Available data below:

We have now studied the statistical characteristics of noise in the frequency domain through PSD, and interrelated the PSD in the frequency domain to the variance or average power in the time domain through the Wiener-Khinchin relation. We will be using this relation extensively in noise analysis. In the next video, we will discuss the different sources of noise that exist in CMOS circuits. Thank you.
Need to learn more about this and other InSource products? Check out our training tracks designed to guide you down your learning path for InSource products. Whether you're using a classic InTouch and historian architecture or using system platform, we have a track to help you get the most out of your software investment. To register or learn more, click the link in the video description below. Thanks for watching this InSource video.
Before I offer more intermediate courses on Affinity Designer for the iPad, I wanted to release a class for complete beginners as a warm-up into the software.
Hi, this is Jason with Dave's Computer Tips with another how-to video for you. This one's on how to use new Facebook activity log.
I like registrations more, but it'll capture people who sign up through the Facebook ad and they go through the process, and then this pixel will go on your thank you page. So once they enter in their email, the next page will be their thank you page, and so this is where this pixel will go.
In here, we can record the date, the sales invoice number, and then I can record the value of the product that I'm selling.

End of Available data.
Available data below:

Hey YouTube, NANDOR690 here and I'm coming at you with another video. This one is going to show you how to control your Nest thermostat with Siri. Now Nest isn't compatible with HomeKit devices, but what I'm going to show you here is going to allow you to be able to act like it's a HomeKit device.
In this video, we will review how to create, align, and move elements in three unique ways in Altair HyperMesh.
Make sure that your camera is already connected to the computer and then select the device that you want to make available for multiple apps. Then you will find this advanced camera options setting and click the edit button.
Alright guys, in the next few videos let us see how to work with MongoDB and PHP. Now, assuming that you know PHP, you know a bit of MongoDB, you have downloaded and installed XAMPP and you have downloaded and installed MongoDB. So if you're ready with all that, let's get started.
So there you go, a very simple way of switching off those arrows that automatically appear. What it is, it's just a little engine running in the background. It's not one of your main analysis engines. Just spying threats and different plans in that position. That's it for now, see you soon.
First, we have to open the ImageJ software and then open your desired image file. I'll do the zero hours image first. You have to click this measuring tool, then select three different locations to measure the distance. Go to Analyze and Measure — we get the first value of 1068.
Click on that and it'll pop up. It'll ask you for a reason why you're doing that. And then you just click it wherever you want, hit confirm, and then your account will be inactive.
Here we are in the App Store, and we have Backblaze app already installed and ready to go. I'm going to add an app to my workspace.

End of Available data.

→ About this exercise: In the entries above, please find the line with "I like registrations" and the line with "In here, we", then write out exactly those two lines and every line between them, and nothing more.

→ Final answer:
I like registrations more, but it'll capture people who sign up through the Facebook ad and they go through the process, and then this pixel will go on your thank you page. So once they enter in their email, the next page will be their thank you page, and so this is where this pixel will go.
In here, we can record the date, the sales invoice number, and then I can record the value of the product that I'm selling.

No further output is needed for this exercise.